PyTorch elastic training

kumv · on Dec 9, 2019

We at AWS worked on this last year. We saw some promising results with our implementation with Apache MXNet DeepLearning framework.

https://aws.amazon.com/blogs/machine-learning/introducing-dy...

Good to see more work in this direction and we would be happy to collaborate on this.

pythux · on Dec 7, 2019

I have a more meta question related to Python, and only remotely related to this post. With the huge use case of machine learning and deep learning that Python is loved for; I am wondering if other traditional use cases that Python was used for could suffer. What about future developments for the language itself, is ML big enough to influence the direction and priorities of the language? This is far fetched but, if a critical mass of companies and people start using Python for ML exclusively, could it hurt Python as a "general purpose language"?

aivosha · on Dec 7, 2019

One can always fork python to keep it "general" if it ever comes to that. In fact I would argue both ML and non-ML domains would benefit from that fork. The reason python is used in ML is not because its intrinsically good for it, but because it happened to have a good set of libraries and community at the right time and place. Having specialized subset of python fine-tuned/"compiled" for ML would be a good path for it as a product to evolve towards. I would not mind having all kinds of ML related, algebraic operations as part of the language so the code reads more naturally. And not only that, all frameworks have to support that language and thus become much more interchangeable. Just like you can have CPython and pypy and others that converge into the same language, imagine the same thing with TensorFlow, PyTorch and alike converging to a singe language that support builtin ML-operations.

scythe · on Dec 7, 2019

I think the hidden variable here is the affinity of academics for Python. I've never seen so much Python as in universities. It mostly draws converts from MATLAB, and the feel of the language fits nicely onto what they're used to.
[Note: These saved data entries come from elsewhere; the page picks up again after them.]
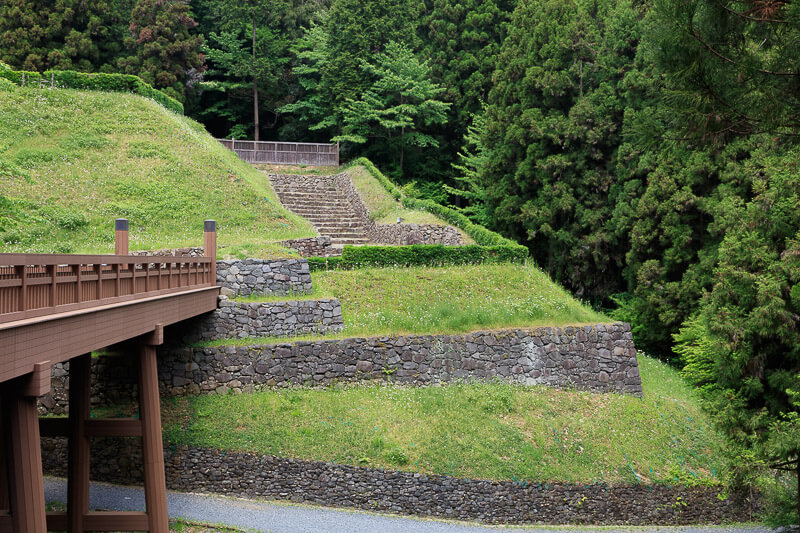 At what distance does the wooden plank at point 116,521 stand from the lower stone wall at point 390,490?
3797 millimetres

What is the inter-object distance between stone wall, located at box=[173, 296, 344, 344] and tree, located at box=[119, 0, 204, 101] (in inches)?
932

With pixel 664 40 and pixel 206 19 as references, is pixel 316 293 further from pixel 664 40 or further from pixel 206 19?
pixel 206 19

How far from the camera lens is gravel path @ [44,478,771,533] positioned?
45.6 feet

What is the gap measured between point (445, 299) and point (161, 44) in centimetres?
2574

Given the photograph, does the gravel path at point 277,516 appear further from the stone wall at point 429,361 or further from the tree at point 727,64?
the tree at point 727,64

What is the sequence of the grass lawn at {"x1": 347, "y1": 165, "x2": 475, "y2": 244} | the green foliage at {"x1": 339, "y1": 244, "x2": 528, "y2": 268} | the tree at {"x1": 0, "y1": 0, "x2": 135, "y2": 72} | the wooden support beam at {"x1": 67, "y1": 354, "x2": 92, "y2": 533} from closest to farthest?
the wooden support beam at {"x1": 67, "y1": 354, "x2": 92, "y2": 533} → the green foliage at {"x1": 339, "y1": 244, "x2": 528, "y2": 268} → the grass lawn at {"x1": 347, "y1": 165, "x2": 475, "y2": 244} → the tree at {"x1": 0, "y1": 0, "x2": 135, "y2": 72}

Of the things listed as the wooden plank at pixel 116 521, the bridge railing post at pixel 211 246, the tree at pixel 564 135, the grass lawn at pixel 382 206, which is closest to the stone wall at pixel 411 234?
the grass lawn at pixel 382 206

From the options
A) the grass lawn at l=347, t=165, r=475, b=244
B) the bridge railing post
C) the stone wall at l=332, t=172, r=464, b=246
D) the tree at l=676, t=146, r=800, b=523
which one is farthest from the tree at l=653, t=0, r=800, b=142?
the stone wall at l=332, t=172, r=464, b=246

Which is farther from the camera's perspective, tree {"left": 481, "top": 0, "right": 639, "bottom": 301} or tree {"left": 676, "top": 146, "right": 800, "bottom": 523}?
tree {"left": 481, "top": 0, "right": 639, "bottom": 301}

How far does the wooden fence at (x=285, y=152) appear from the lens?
37.7 metres

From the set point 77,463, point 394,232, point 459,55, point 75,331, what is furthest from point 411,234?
point 75,331

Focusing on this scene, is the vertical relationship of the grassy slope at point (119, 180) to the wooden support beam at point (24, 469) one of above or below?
above

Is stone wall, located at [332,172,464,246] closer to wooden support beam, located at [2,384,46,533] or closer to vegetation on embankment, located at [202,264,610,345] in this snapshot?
vegetation on embankment, located at [202,264,610,345]

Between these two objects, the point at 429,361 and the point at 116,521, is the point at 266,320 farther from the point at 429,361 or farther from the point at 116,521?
the point at 116,521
It's probably the most popular language in education (having replaced Smalltalk and Scheme) and it'll probably stick around for a while.
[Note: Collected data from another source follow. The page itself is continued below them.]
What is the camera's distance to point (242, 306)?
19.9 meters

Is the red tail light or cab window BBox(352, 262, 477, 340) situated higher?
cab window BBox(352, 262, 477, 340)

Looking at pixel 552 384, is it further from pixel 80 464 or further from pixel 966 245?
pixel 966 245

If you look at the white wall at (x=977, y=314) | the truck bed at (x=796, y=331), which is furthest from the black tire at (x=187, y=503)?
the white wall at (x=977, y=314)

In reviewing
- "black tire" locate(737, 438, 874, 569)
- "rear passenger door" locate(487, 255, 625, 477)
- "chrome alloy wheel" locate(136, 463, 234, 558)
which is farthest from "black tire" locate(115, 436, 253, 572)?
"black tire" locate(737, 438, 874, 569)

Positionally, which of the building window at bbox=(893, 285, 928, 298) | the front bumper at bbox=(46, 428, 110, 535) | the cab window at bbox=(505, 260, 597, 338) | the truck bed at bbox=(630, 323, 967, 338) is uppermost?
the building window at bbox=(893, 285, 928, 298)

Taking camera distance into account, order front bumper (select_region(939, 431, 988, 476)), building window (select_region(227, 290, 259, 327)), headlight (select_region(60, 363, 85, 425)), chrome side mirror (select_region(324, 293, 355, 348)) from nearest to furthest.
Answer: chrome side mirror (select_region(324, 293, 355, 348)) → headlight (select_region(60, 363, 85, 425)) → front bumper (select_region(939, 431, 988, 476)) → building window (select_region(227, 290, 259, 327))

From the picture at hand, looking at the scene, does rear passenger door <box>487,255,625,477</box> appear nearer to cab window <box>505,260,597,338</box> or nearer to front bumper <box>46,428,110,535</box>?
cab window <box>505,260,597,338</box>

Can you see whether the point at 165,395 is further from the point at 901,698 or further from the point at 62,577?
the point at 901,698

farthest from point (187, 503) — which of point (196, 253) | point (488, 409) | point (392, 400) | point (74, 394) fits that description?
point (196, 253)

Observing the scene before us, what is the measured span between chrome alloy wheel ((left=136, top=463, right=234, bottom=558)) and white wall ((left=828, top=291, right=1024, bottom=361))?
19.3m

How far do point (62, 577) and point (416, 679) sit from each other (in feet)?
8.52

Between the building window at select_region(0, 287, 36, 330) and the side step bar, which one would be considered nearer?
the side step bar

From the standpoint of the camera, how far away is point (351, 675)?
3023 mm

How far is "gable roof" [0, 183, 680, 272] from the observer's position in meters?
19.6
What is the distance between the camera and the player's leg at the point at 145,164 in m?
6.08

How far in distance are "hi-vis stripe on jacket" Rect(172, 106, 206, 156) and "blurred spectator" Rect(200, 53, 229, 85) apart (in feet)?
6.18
Other traditional use cases for Python haven't been affected by the popularity of ML so much as the shift towards static typing in corporate settings and competition from new convenience-oriented languages like Go and Elixir, as well as the growth of the Javascript ecosystem. My first real job involved porting an app from Python to Go.

moksly · on Dec 7, 2019

We use it for a lot of back-end services that used to be build in C# and ASP. Partly because Python has better supported libraries for a lot of the things we need (even related directly to Microsoft techs), but also because it’s just really productive. It’s not as performance as .Net Core, but we don’t need that as much as we need shorter development/operations time. We can buy more iron, but we quite literally can’t find enough techies.

Luckily everyone seem to treat python as a first class citizen, so it integrates perfectly with our Microsoft heavy tech stack.

sytelus · on Dec 7, 2019

This is great to see! This framework will allow defining functions that then can be run on many machines, gathering the output in fault-tolerant scale-out way. However, only AWS example is very limiting. I hope Azure and GCP gets added soon. Better docs on how infrastructure works underneath (Ray/Kubernetes?) would also be appreciated. I'd love to see an example that allows training ImageNet in just few minutes if cheap spot instances were available in cloud of your choice.
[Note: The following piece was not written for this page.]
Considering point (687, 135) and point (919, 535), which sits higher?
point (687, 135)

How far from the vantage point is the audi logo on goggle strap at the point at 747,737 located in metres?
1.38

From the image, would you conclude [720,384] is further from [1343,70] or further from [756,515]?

choppaface · on Dec 7, 2019

At a high level, this looks similar Spark barrier mode for Tensorflow / Horovod. Except this system relies on etcd, which k8s folk know has some limitations and admin costs...

For a modeling-focused project, one will still probably do better with a multi-gpu machine versus elastic complexity.

https://medium.com/plumbersofdatascience/whats-new-in-spark-...

sandGorgon · on Dec 7, 2019

im actually not sure why everyone is investing in their own scaling frameworks.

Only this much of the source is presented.